# Java 容器之 List

📦 本文以及示例源码已归档在 javacore (opens new window)

List 是 Collection 的子接口，其中可以保存各个重复的内容。

# 一、List 简介

List 是一个接口，它继承于 Collection 的接口。它代表着有序的队列。

AbstractList 是一个抽象类，它继承于 AbstractCollection。AbstractList 实现了 List 接口中除 size()、get(int location) 之外的函数。

AbstractSequentialList 是一个抽象类，它继承于 AbstractList。AbstractSequentialList 实现了“链表中，根据 index 索引值操作链表的全部函数”。

# ArrayList 和 LinkedList

ArrayList、LinkedList 是 List 最常用的实现。

ArrayList 基于动态数组实现，存在容量限制，当元素数超过最大容量时，会自动扩容；LinkedList 基于双向链表实现，不存在容量限制。
ArrayList 随机访问速度较快，随机插入、删除速度较慢；LinkedList 随机插入、删除速度较快，随机访问速度较慢。
ArrayList 和 LinkedList 都不是线程安全的。

# Vector 和 Stack

Vector 和 Stack 的设计目标是作为线程安全的 List 实现，替代 ArrayList。

Vector - Vector 和 ArrayList 类似，也实现了 List 接口。但是， Vector 中的主要方法都是 synchronized 方法，即通过互斥同步方式保证操作的线程安全。
Stack - Stack 也是一个同步容器，它的方法也用 synchronized 进行了同步，它实际上是继承于 Vector 类。

# 二、ArrayList

ArrayList 从数据结构角度来看，可以视为支持动态扩容的线性表。

# ArrayList 要点

ArrayList 是一个数组队列，相当于动态数组。ArrayList 默认初始容量大小为 10 ，添加元素时，如果发现容量已满，会自动扩容为原始大小的 1.5 倍。因此，应该尽量在初始化 ArrayList 时，为其指定合适的初始化容量大小，减少扩容操作产生的性能开销。

ArrayList 定义：

public class ArrayList<E> extends AbstractList<E>
        implements List<E>, RandomAccess, Cloneable, java.io.Serializable

从 ArrayList 的定义，不难看出 ArrayList 的一些基本特性：

ArrayList 实现了 List 接口，并继承了 AbstractList，它支持所有 List 的操作。
ArrayList 实现了 RandomAccess 接口，支持随机访问。RandomAccess 是 Java 中用来被 List 实现，为 List 提供快速访问功能的。在 ArrayList 中，我们即可以通过元素的序号快速获取元素对象；这就是快速随机访问。
ArrayList 实现了 Cloneable 接口，支持深拷贝。
ArrayList 实现了 Serializable 接口，支持序列化，能通过序列化方式传输。
ArrayList 是非线程安全的。

# ArrayList 原理

# ArrayList 的数据结构

ArrayList 包含了两个重要的元素：elementData 和 size。

transient Object[] elementData;
private int size;

size - 是动态数组的实际大小。默认初始容量大小为 10 （可以在构造方法中指定初始大小），添加元素时如果发现容量已满，会自动扩容,如果实际大小为偶数就是1.5倍，否则是1.5倍左右！奇偶不同，比如：10+10/2 = 15, 33+33/2=49。如果是奇数的话会丢掉小数.
elementData - 是一个 Object 数组，用于保存添加到 ArrayList 中的元素。

# ArrayList 的序列化

ArrayList 具有动态扩容特性，因此保存元素的数组不一定都会被使用，那么就没必要全部进行序列化。为此，ArrayList 定制了其序列化方式。具体做法是：

存储元素的 Object 数组（即 elementData）使用 transient 修饰，使得它可以被 Java 序列化所忽略。
ArrayList 重写了 writeObject() 和 readObject() 来控制序列化数组中有元素填充那部分内容。
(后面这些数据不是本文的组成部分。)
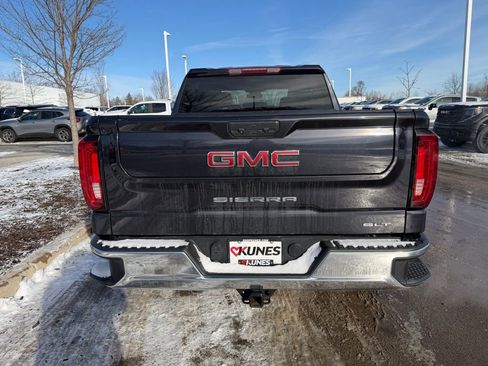 Used 2025 GMC Sierra 1500 SLT image 4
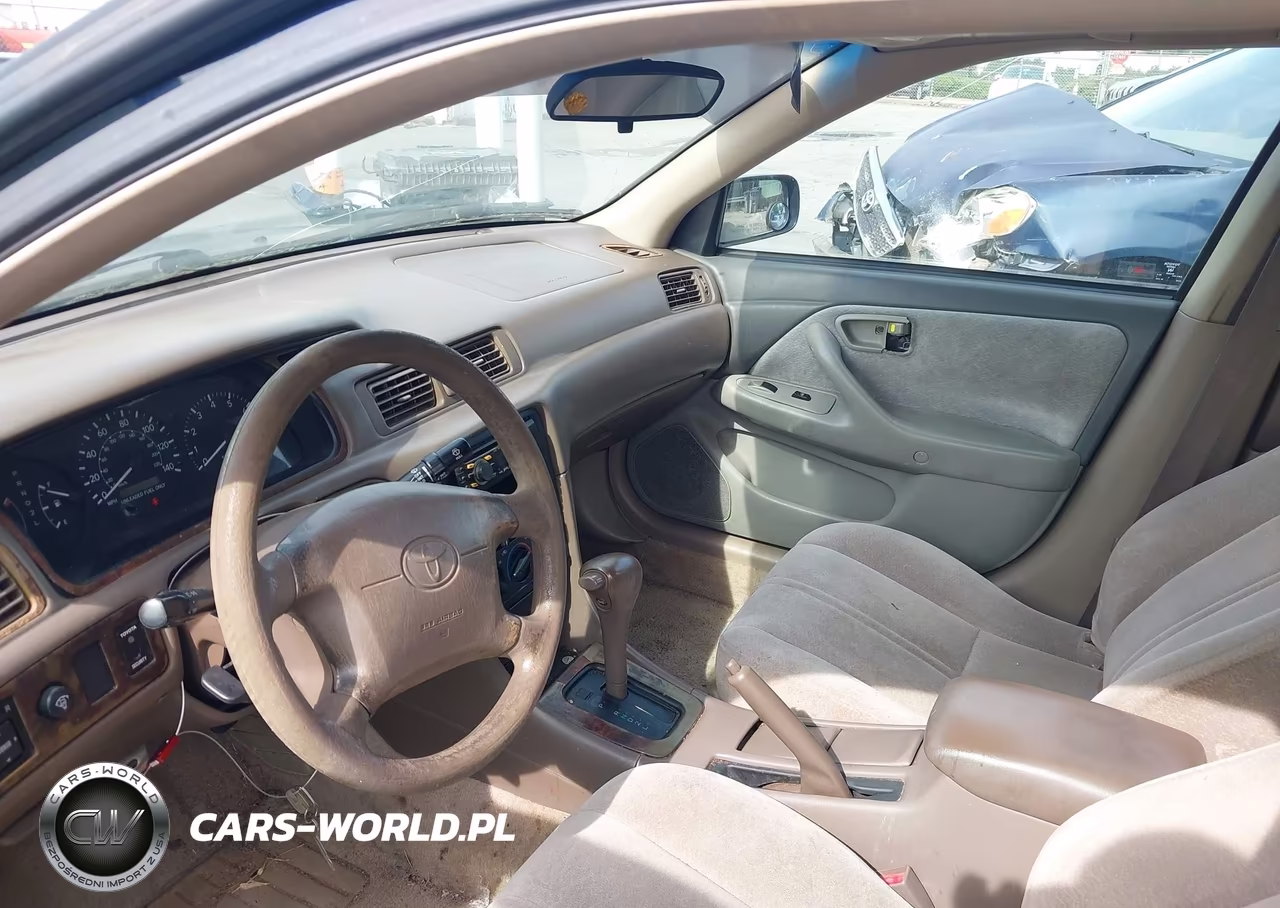 1999 Toyota Camry Le VIN:4T1BG22K5XU408863 - 5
💡 不了解 Java 序列化方式，可以参考：Java 序列化 (opens new window)

# ArrayList 的访问元素

ArrayList 访问元素的实现主要基于以下关键性源码：

// 获取第 index 个元素
public E get(int index) {
    rangeCheck(index);
    return elementData(index);
}

E elementData(int index) {
    return (E) elementData[index];
}

实现非常简单，其实就是通过数组下标访问数组元素，其时间复杂度为 O(1)，所以很快。

# ArrayList 的添加元素

ArrayList 添加元素时，如果发现容量已满，会自动扩容为原始大小的 1.5 倍。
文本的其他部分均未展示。